Barker found the most demanding areas were dealing with each actor because they’re “the heart and soul of cinema.” They needed to be there for the cameras to turn on unless you were doing a nature documentary. Barker said that Bruckner got the casting perfectly right on this vision while he was fortunate in how most of the people who worked on the first Hellraiser movies were his friends and the right people for the job. Bruckner also talked about directing the new film.

Directing And Other Parts of the Movie


“Not to compare our process because obviously what Clive has done is absolutely historic; that first film really is a masterpiece to me. We’ve talked about it many times, and I think, for me, it is a visual journey, first and foremost. It’s a lot of ideas that often get sketched down in various ways, and some of them you hang onto. Then some of them mutate when you get out into the world of filmmaking because you really have to improvise with resources and circumstances and the realities of production. And where talent is concerned, once they dig into the role, they bring something to it that is, the essence of what you’re working on is going to change, once someone adds words.”
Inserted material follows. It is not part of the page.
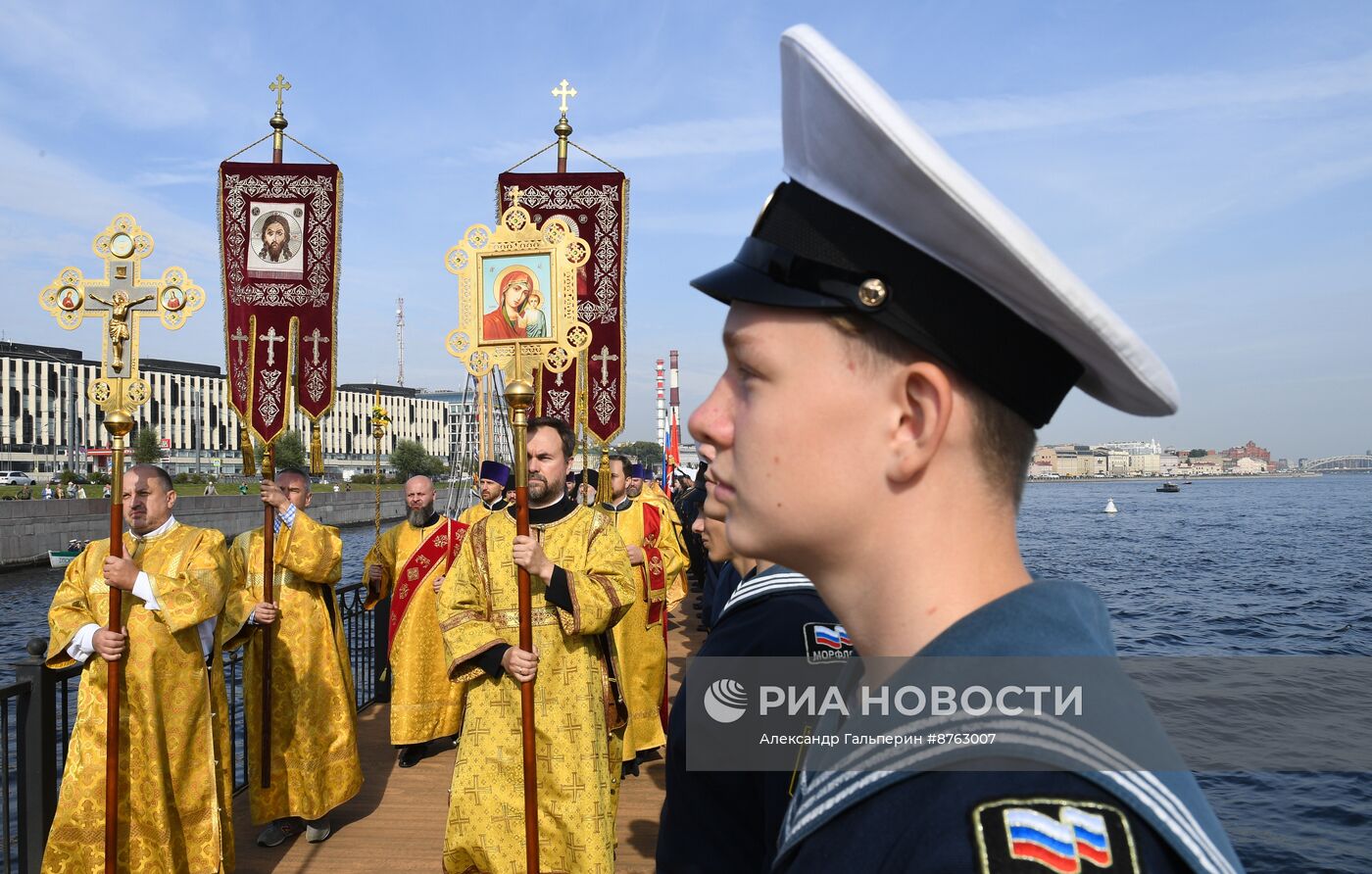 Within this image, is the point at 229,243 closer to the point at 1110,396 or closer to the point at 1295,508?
the point at 1110,396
Barker said that everything changes once an actor says their lines. The only solid thing he knew was the plotting part. When Barker asked if Hellraiser (2022) says everything he wanted it to say, Bruckner said that it’s different for him every time he watches it, but no, he doesn’t know if it solidifies. For him, it’s a moving target, and it’s not until he’s with the audience that he fully understands what’s landing and what’s coming across.
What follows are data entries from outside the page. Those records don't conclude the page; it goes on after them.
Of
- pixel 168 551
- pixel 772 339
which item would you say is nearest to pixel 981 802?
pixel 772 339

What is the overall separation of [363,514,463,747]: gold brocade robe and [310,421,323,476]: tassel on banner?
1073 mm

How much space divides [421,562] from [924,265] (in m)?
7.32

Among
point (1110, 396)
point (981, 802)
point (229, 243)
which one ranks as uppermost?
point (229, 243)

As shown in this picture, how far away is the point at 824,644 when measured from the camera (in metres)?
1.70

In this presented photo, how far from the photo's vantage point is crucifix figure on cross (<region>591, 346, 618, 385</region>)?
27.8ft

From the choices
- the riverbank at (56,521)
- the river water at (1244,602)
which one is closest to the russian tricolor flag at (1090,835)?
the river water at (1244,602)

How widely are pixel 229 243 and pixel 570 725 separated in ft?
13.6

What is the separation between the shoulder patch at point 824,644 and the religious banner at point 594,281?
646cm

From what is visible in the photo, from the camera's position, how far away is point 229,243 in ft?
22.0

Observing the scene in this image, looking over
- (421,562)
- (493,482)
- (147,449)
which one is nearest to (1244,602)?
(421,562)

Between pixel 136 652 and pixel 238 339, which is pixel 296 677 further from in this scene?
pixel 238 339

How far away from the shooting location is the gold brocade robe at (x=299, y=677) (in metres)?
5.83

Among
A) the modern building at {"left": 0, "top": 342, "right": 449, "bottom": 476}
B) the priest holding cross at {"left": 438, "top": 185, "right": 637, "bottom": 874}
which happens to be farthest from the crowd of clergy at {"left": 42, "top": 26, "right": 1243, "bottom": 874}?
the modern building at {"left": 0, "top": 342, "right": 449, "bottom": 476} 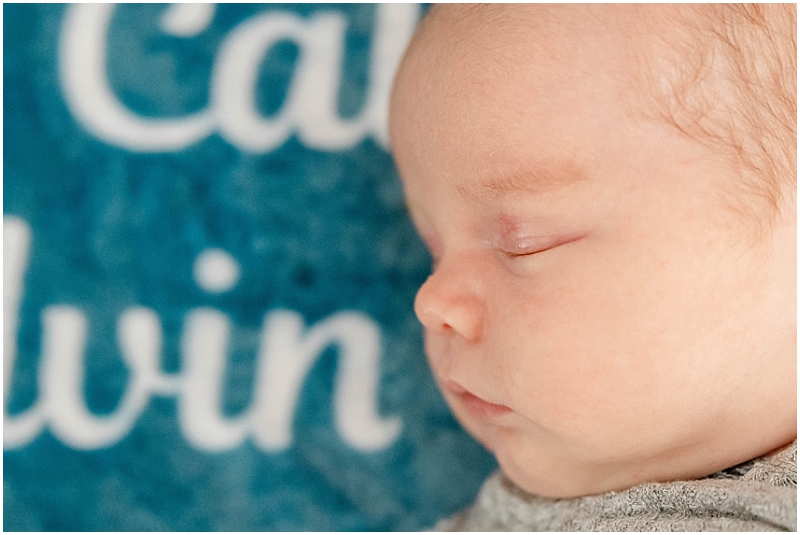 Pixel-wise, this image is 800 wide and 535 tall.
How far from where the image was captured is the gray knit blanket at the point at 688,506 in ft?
1.84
“I mean, quite literally, I often am only reminded of what we set out to do when you see it with a crowd, and you hear them reacting to the material, and that’s when you go, ‘Wow, this is scary.’ Or there is magic there, or suspense, or the meaning in this beat can resonate because you can feel it in the room. But I have a hard time experiencing it on my own. I need to be in the presence of other people. I need to feel the projection of their experience to see it.”

One of the things that both Bruckner and Barker agreed on when it came to this new version of Pinhead was that having a new actor replicate Doug Bradley’s performance was never going to work. That was something that Jamie Clayton understood as well. Even before they agreed to go forth, there were several Zoom calls with Clayton where she would have her own experience with the lines. Barker said:

“I think that Doug’s is person specific. Doug’s Pinhead is person specific. Jamie is the deadly seductress, or seducer, whichever gender you want. There’s something very sly about Jamie, or Jamie’s performance. Doug is not sly. Doug is utterly direct, and that’s what makes him intimidating. His statements are questions and there’s never any ambiguity in the original Pinhead. What you two had brought to our new Hell Priest is ambiguity. I love that, and I hope Jamie will recreate this role again. Because it seems to me that there’s so much more to be done with her performance than the script allows her to do this time around after all.”

Pinhead, or the equivalent thereof, first debuted with the other Cenobites in 1986 with The Hellbound Heart, then a year later with Hellraiser on the big screen. Even thirty-five or thirty-six years later, the Cenobites continue to fascinate audiences. For Bruckner, the reason for that was how he didn’t know what they wanted or if they had a design on you, the Cenobites would take you somewhere you couldn’t possibly imagine—whether it’s a fate worse than death or better. Bruckner said:

“But I find that they are more advanced than I am and have a taste, a flavor for something that is beyond me. There’s just intrigue built into that naturally. It’s scary at first, but then the more time you spend with them, the more you get lost in the possibilities there. You begin to identify with them in strange ways. You become obsessed with the mythology behind them. That’s always been a key point of intrigue.”